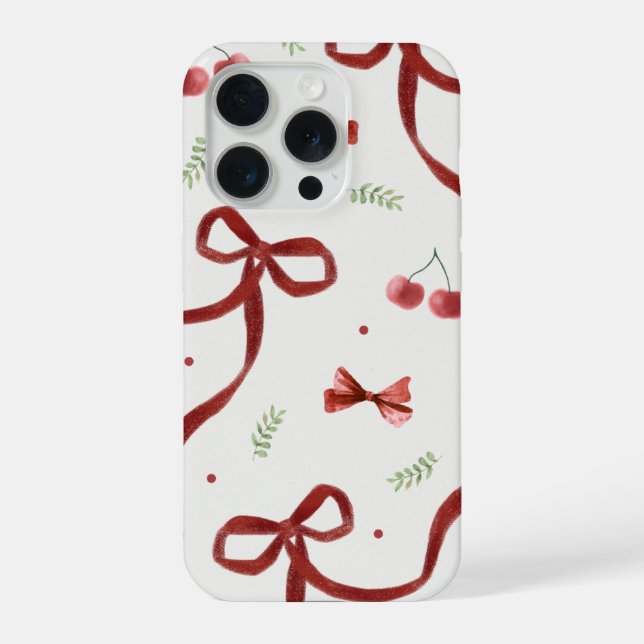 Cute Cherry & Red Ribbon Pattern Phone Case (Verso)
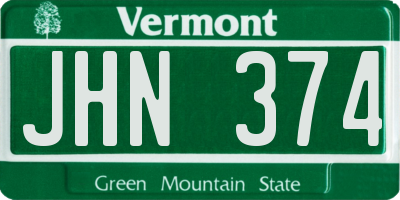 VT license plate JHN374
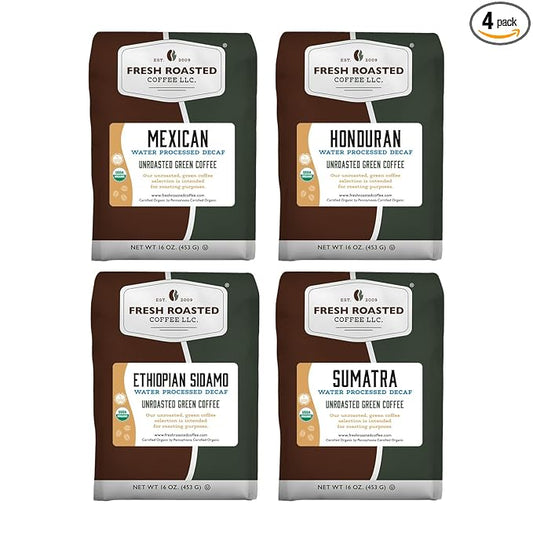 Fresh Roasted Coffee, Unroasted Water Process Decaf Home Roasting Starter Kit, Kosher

WHAT IS BEING ASKED: Apart from the pictures, every line of the data above should be given again exactly.

EXERCISE ANSWER:
 Cute Cherry & Red Ribbon Pattern Phone Case (Verso)
 VT license plate JHN374
 Fresh Roasted Coffee, Unroasted Water Process Decaf Home Roasting Starter Kit, Kosher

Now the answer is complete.